**Your goal:** Repeat all the data exactly, and where a record holds a picture, leave that picture out.

++++ Provided records ++++

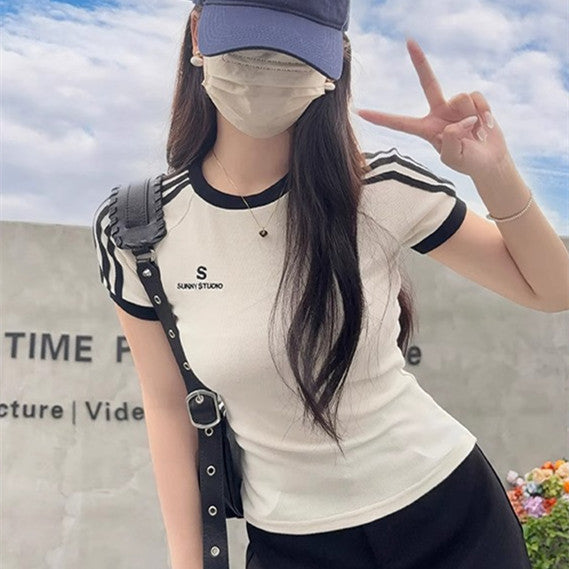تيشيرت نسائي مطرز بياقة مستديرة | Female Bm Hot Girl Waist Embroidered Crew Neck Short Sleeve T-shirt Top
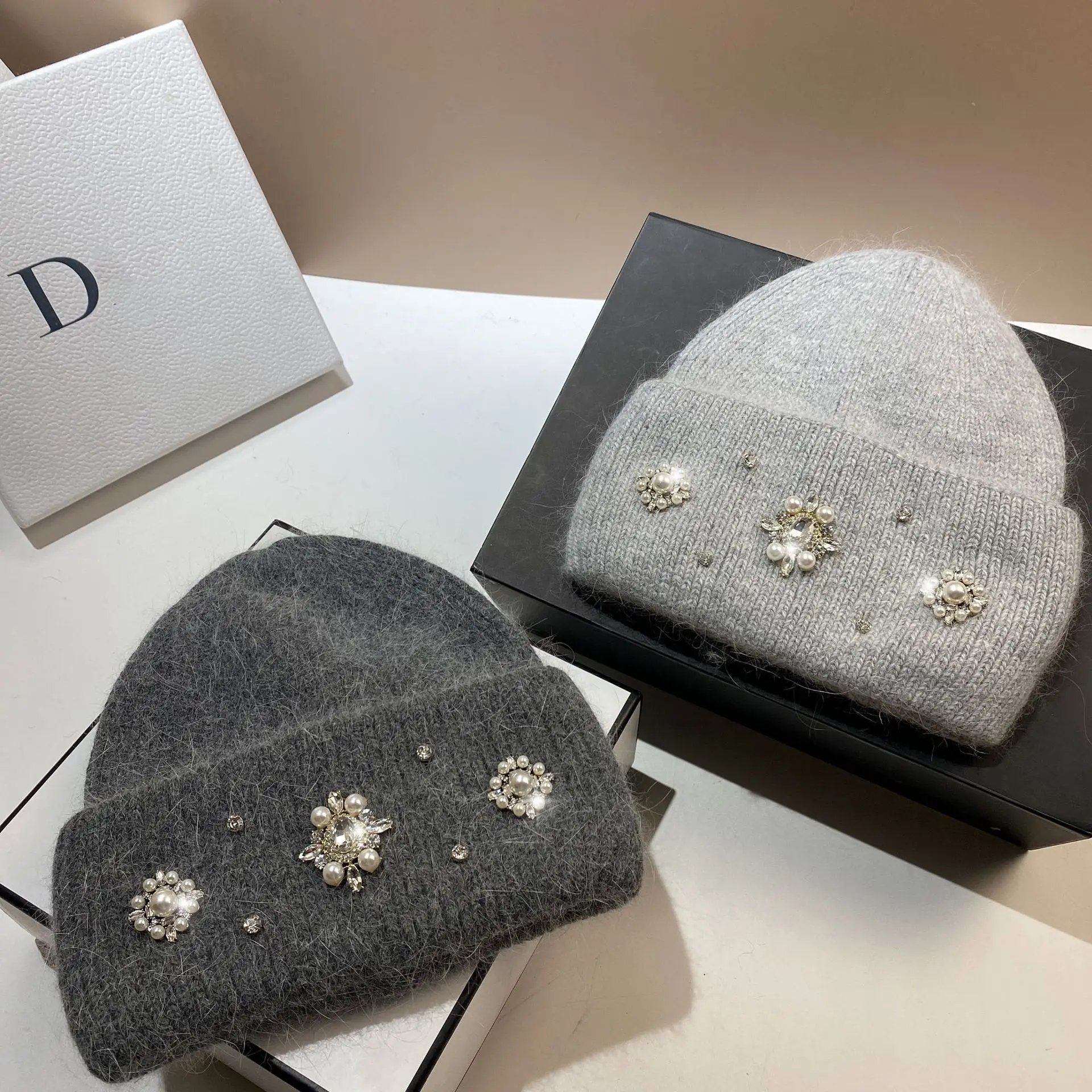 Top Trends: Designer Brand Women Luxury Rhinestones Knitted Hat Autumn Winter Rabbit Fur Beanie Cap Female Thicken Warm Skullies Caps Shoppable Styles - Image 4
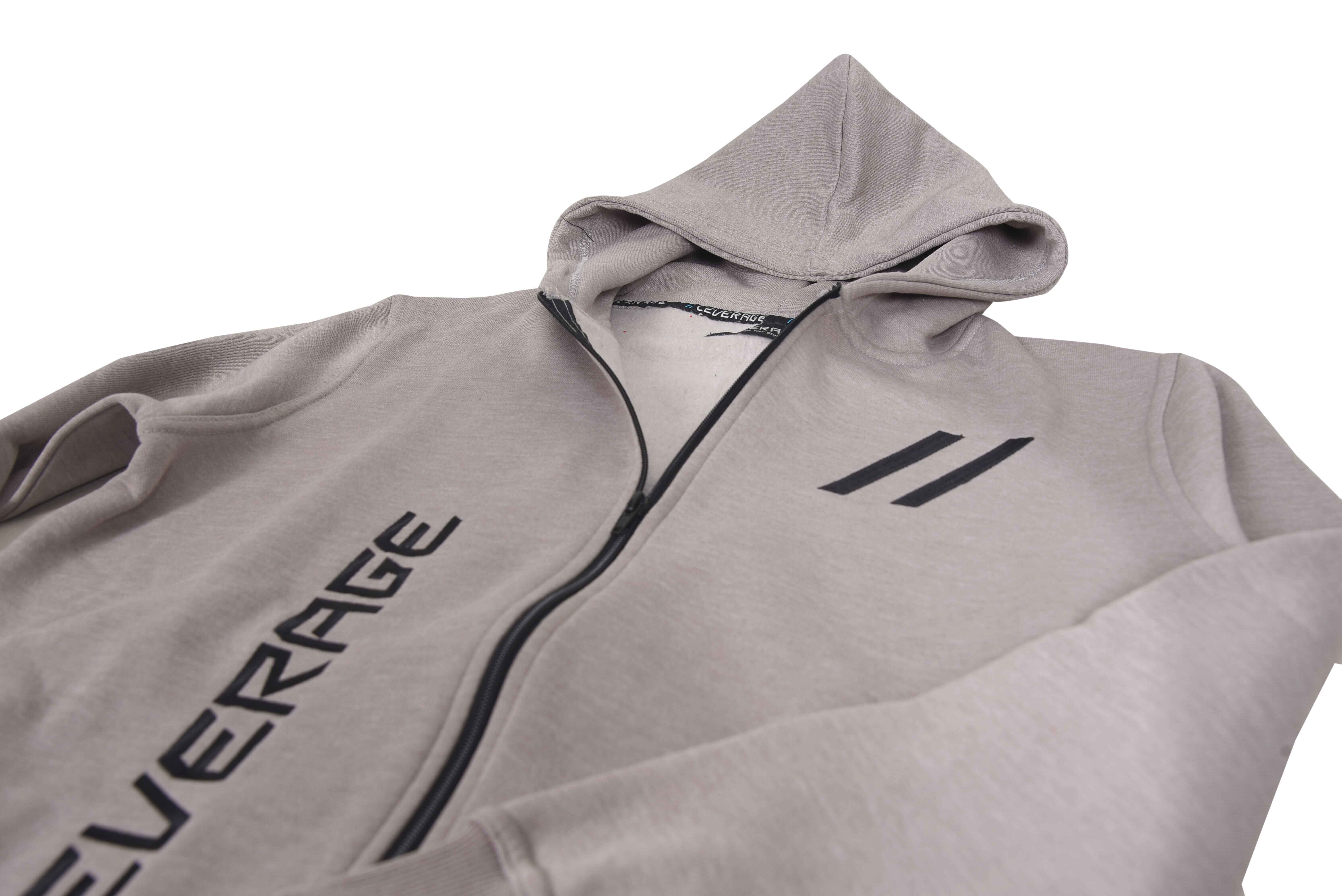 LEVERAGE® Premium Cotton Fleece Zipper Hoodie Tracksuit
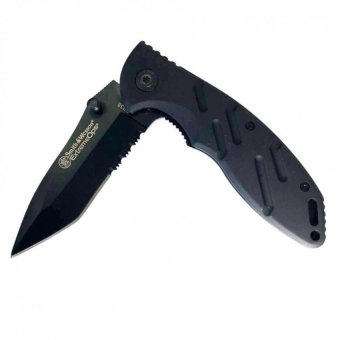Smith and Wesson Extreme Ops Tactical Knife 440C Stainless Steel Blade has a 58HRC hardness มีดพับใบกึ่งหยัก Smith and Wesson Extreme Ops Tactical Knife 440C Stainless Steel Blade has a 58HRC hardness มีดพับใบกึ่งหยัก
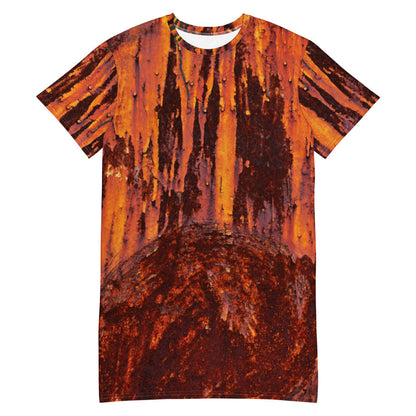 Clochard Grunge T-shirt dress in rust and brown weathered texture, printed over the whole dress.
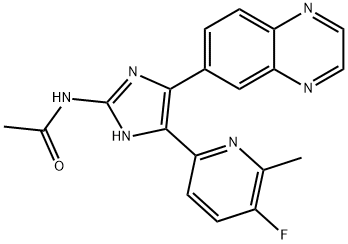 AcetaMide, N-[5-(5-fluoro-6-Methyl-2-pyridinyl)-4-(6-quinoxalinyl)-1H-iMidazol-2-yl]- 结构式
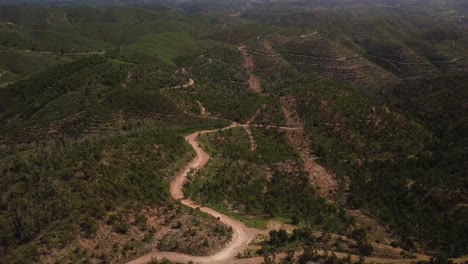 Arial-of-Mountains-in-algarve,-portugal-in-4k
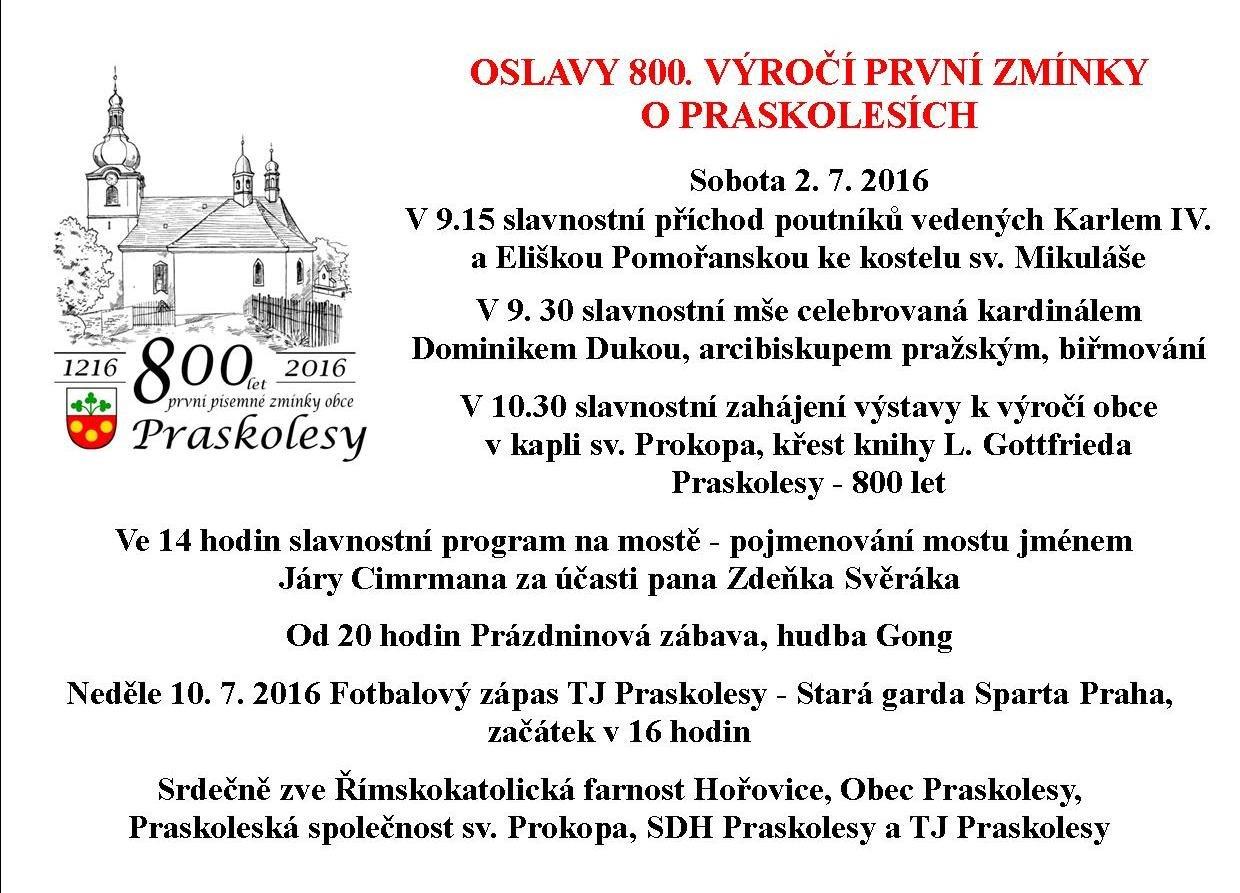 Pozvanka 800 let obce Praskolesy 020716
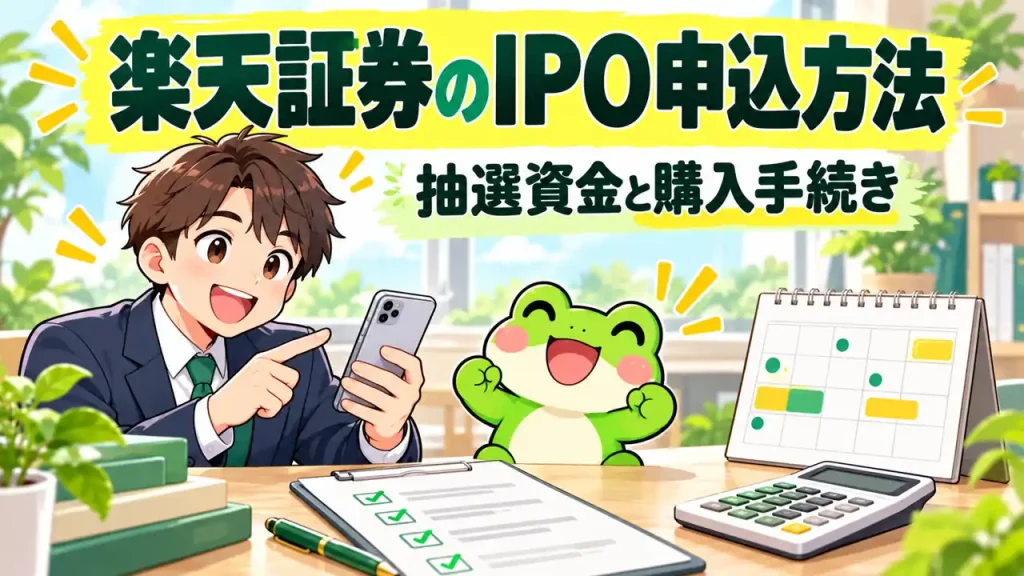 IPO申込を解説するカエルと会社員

++++

**Response:**
تيشيرت نسائي مطرز بياقة مستديرة | Female Bm Hot Girl Waist Embroidered Crew Neck Short Sleeve T-shirt Top
 Top Trends: Designer Brand Women Luxury Rhinestones Knitted Hat Autumn Winter Rabbit Fur Beanie Cap Female Thicken Warm Skullies Caps Shoppable Styles - Image 4
 LEVERAGE® Premium Cotton Fleece Zipper Hoodie Tracksuit
Smith and Wesson Extreme Ops Tactical Knife 440C Stainless Steel Blade has a 58HRC hardness มีดพับใบกึ่งหยัก Smith and Wesson Extreme Ops Tactical Knife 440C Stainless Steel Blade has a 58HRC hardness มีดพับใบกึ่งหยัก
 Clochard Grunge T-shirt dress in rust and brown weathered texture, printed over the whole dress.
 AcetaMide, N-[5-(5-fluoro-6-Methyl-2-pyridinyl)-4-(6-quinoxalinyl)-1H-iMidazol-2-yl]- 结构式
 Arial-of-Mountains-in-algarve,-portugal-in-4k
 Pozvanka 800 let obce Praskolesy 020716
 IPO申込を解説するカエルと会社員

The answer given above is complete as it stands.